BEGIN EXTRACTED ENTRIES
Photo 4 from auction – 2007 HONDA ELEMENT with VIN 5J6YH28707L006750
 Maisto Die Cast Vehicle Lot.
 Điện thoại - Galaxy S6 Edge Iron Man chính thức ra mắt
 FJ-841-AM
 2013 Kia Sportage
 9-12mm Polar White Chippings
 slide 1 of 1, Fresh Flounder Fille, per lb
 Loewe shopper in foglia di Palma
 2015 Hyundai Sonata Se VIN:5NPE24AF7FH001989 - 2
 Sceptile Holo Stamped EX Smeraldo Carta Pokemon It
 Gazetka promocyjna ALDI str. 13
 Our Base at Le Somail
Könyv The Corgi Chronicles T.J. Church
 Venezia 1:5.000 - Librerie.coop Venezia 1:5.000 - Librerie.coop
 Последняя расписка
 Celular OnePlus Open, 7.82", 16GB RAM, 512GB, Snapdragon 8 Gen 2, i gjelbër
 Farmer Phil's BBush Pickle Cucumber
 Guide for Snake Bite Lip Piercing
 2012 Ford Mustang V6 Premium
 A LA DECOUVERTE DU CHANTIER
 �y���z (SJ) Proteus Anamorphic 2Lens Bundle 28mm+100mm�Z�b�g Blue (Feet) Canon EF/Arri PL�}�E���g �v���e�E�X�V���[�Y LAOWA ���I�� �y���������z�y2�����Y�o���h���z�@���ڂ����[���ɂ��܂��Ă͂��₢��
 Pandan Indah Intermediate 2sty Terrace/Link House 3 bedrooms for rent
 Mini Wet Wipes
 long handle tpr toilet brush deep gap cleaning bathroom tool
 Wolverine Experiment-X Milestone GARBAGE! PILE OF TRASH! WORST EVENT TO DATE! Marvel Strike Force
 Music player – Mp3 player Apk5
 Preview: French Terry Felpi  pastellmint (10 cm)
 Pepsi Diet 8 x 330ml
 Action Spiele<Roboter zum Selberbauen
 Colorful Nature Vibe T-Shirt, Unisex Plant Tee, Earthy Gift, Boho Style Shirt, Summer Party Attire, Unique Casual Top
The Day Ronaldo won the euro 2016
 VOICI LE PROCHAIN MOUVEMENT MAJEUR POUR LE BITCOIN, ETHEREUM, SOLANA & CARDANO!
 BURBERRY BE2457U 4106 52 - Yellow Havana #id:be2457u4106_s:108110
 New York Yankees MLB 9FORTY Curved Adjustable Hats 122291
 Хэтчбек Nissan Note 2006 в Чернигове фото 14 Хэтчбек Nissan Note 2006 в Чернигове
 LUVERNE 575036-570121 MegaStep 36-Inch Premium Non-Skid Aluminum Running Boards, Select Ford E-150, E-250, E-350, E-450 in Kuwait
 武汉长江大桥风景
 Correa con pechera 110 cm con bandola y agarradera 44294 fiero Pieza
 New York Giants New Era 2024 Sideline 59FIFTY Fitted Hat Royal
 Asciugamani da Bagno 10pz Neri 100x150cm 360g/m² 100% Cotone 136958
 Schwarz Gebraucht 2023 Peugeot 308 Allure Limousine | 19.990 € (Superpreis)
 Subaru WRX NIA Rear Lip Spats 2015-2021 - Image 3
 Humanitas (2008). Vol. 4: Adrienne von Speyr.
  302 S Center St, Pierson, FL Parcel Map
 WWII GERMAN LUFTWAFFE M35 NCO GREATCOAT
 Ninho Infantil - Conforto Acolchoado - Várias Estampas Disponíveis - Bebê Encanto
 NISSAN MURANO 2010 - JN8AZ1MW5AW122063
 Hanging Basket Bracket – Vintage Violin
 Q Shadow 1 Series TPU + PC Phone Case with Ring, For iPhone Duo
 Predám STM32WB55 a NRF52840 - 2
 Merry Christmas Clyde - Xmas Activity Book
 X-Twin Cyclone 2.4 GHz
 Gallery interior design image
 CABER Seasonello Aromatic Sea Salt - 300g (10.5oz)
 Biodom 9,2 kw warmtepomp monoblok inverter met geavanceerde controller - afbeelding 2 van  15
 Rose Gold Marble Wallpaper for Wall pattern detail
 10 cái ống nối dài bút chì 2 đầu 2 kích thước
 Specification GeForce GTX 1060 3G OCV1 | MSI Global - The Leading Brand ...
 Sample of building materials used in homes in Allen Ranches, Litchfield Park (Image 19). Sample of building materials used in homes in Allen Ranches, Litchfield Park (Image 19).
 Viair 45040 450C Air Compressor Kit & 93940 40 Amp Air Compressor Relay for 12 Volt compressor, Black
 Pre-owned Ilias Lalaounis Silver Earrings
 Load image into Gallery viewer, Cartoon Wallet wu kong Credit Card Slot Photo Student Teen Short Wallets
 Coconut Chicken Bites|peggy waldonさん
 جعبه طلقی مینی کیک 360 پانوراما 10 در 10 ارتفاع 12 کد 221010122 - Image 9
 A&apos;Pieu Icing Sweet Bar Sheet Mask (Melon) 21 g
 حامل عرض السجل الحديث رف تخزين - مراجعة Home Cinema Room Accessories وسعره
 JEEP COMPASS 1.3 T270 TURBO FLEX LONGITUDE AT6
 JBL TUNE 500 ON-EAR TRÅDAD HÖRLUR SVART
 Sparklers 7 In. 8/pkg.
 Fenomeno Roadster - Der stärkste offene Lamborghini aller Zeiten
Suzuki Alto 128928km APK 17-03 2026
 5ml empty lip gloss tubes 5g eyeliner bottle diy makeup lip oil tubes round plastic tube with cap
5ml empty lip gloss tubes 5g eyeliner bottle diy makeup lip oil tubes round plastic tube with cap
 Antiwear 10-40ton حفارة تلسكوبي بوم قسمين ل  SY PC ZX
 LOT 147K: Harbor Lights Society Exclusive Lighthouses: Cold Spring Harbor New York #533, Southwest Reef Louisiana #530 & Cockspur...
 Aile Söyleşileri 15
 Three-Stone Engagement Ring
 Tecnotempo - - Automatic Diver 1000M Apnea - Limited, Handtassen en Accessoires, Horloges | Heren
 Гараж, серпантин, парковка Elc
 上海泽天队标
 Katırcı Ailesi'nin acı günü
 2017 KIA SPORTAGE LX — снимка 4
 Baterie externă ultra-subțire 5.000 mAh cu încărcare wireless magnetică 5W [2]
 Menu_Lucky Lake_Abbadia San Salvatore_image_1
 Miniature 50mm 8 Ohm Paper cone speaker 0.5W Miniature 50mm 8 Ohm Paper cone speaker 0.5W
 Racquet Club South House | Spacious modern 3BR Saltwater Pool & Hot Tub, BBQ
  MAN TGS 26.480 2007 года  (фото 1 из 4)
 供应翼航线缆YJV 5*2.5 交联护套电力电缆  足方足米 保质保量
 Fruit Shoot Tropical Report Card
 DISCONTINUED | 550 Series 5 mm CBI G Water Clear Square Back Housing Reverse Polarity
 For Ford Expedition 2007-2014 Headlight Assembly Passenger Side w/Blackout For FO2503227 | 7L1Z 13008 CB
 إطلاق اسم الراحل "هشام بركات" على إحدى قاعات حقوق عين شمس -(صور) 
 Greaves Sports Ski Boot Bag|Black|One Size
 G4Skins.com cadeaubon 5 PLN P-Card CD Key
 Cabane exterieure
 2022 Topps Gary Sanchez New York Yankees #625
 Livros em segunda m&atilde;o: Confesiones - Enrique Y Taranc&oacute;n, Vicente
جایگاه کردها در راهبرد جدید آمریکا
END EXTRACTED ENTRIES
WHAT NEEDS TO BE DONE:
Reproduce all entries. Keep them exact.

OUTPUT FOR THIS EXERCISE:
Photo 4 from auction – 2007 HONDA ELEMENT with VIN 5J6YH28707L006750
 Maisto Die Cast Vehicle Lot.
 Điện thoại - Galaxy S6 Edge Iron Man chính thức ra mắt
 FJ-841-AM
 2013 Kia Sportage
 9-12mm Polar White Chippings
 slide 1 of 1, Fresh Flounder Fille, per lb
 Loewe shopper in foglia di Palma
 2015 Hyundai Sonata Se VIN:5NPE24AF7FH001989 - 2
 Sceptile Holo Stamped EX Smeraldo Carta Pokemon It
 Gazetka promocyjna ALDI str. 13
 Our Base at Le Somail
Könyv The Corgi Chronicles T.J. Church
 Venezia 1:5.000 - Librerie.coop Venezia 1:5.000 - Librerie.coop
 Последняя расписка
 Celular OnePlus Open, 7.82", 16GB RAM, 512GB, Snapdragon 8 Gen 2, i gjelbër
 Farmer Phil's BBush Pickle Cucumber
 Guide for Snake Bite Lip Piercing
 2012 Ford Mustang V6 Premium
 A LA DECOUVERTE DU CHANTIER
 �y���z (SJ) Proteus Anamorphic 2Lens Bundle 28mm+100mm�Z�b�g Blue (Feet) Canon EF/Arri PL�}�E���g �v���e�E�X�V���[�Y LAOWA ���I�� �y���������z�y2�����Y�o���h���z�@���ڂ����[���ɂ��܂��Ă͂��₢��
 Pandan Indah Intermediate 2sty Terrace/Link House 3 bedrooms for rent
 Mini Wet Wipes
 long handle tpr toilet brush deep gap cleaning bathroom tool
 Wolverine Experiment-X Milestone GARBAGE! PILE OF TRASH! WORST EVENT TO DATE! Marvel Strike Force
 Music player – Mp3 player Apk5
 Preview: French Terry Felpi  pastellmint (10 cm)
 Pepsi Diet 8 x 330ml
 Action Spiele<Roboter zum Selberbauen
 Colorful Nature Vibe T-Shirt, Unisex Plant Tee, Earthy Gift, Boho Style Shirt, Summer Party Attire, Unique Casual Top
The Day Ronaldo won the euro 2016
 VOICI LE PROCHAIN MOUVEMENT MAJEUR POUR LE BITCOIN, ETHEREUM, SOLANA & CARDANO!
 BURBERRY BE2457U 4106 52 - Yellow Havana #id:be2457u4106_s:108110
 New York Yankees MLB 9FORTY Curved Adjustable Hats 122291
 Хэтчбек Nissan Note 2006 в Чернигове фото 14 Хэтчбек Nissan Note 2006 в Чернигове
 LUVERNE 575036-570121 MegaStep 36-Inch Premium Non-Skid Aluminum Running Boards, Select Ford E-150, E-250, E-350, E-450 in Kuwait
 武汉长江大桥风景
 Correa con pechera 110 cm con bandola y agarradera 44294 fiero Pieza
 New York Giants New Era 2024 Sideline 59FIFTY Fitted Hat Royal
 Asciugamani da Bagno 10pz Neri 100x150cm 360g/m² 100% Cotone 136958
 Schwarz Gebraucht 2023 Peugeot 308 Allure Limousine | 19.990 € (Superpreis)
 Subaru WRX NIA Rear Lip Spats 2015-2021 - Image 3
 Humanitas (2008). Vol. 4: Adrienne von Speyr.
  302 S Center St, Pierson, FL Parcel Map
 WWII GERMAN LUFTWAFFE M35 NCO GREATCOAT
 Ninho Infantil - Conforto Acolchoado - Várias Estampas Disponíveis - Bebê Encanto
 NISSAN MURANO 2010 - JN8AZ1MW5AW122063
 Hanging Basket Bracket – Vintage Violin
 Q Shadow 1 Series TPU + PC Phone Case with Ring, For iPhone Duo
 Predám STM32WB55 a NRF52840 - 2
 Merry Christmas Clyde - Xmas Activity Book
 X-Twin Cyclone 2.4 GHz
 Gallery interior design image
 CABER Seasonello Aromatic Sea Salt - 300g (10.5oz)
 Biodom 9,2 kw warmtepomp monoblok inverter met geavanceerde controller - afbeelding 2 van  15
 Rose Gold Marble Wallpaper for Wall pattern detail
 10 cái ống nối dài bút chì 2 đầu 2 kích thước
 Specification GeForce GTX 1060 3G OCV1 | MSI Global - The Leading Brand ...
 Sample of building materials used in homes in Allen Ranches, Litchfield Park (Image 19). Sample of building materials used in homes in Allen Ranches, Litchfield Park (Image 19).
 Viair 45040 450C Air Compressor Kit & 93940 40 Amp Air Compressor Relay for 12 Volt compressor, Black
 Pre-owned Ilias Lalaounis Silver Earrings
 Load image into Gallery viewer, Cartoon Wallet wu kong Credit Card Slot Photo Student Teen Short Wallets
 Coconut Chicken Bites|peggy waldonさん
 جعبه طلقی مینی کیک 360 پانوراما 10 در 10 ارتفاع 12 کد 221010122 - Image 9
 A&apos;Pieu Icing Sweet Bar Sheet Mask (Melon) 21 g
 حامل عرض السجل الحديث رف تخزين - مراجعة Home Cinema Room Accessories وسعره
 JEEP COMPASS 1.3 T270 TURBO FLEX LONGITUDE AT6
 JBL TUNE 500 ON-EAR TRÅDAD HÖRLUR SVART
 Sparklers 7 In. 8/pkg.
 Fenomeno Roadster - Der stärkste offene Lamborghini aller Zeiten
Suzuki Alto 128928km APK 17-03 2026
 5ml empty lip gloss tubes 5g eyeliner bottle diy makeup lip oil tubes round plastic tube with cap
5ml empty lip gloss tubes 5g eyeliner bottle diy makeup lip oil tubes round plastic tube with cap
 Antiwear 10-40ton حفارة تلسكوبي بوم قسمين ل  SY PC ZX
 LOT 147K: Harbor Lights Society Exclusive Lighthouses: Cold Spring Harbor New York #533, Southwest Reef Louisiana #530 & Cockspur...
 Aile Söyleşileri 15
 Three-Stone Engagement Ring
 Tecnotempo - - Automatic Diver 1000M Apnea - Limited, Handtassen en Accessoires, Horloges | Heren
 Гараж, серпантин, парковка Elc
 上海泽天队标
 Katırcı Ailesi'nin acı günü
 2017 KIA SPORTAGE LX — снимка 4
 Baterie externă ultra-subțire 5.000 mAh cu încărcare wireless magnetică 5W [2]
 Menu_Lucky Lake_Abbadia San Salvatore_image_1
 Miniature 50mm 8 Ohm Paper cone speaker 0.5W Miniature 50mm 8 Ohm Paper cone speaker 0.5W
 Racquet Club South House | Spacious modern 3BR Saltwater Pool & Hot Tub, BBQ
  MAN TGS 26.480 2007 года  (фото 1 из 4)
 供应翼航线缆YJV 5*2.5 交联护套电力电缆  足方足米 保质保量
 Fruit Shoot Tropical Report Card
 DISCONTINUED | 550 Series 5 mm CBI G Water Clear Square Back Housing Reverse Polarity
 For Ford Expedition 2007-2014 Headlight Assembly Passenger Side w/Blackout For FO2503227 | 7L1Z 13008 CB
 إطلاق اسم الراحل "هشام بركات" على إحدى قاعات حقوق عين شمس -(صور) 
 Greaves Sports Ski Boot Bag|Black|One Size
 G4Skins.com cadeaubon 5 PLN P-Card CD Key
 Cabane exterieure
 2022 Topps Gary Sanchez New York Yankees #625
 Livros em segunda m&atilde;o: Confesiones - Enrique Y Taranc&oacute;n, Vicente
جایگاه کردها در راهبرد جدید آمریکا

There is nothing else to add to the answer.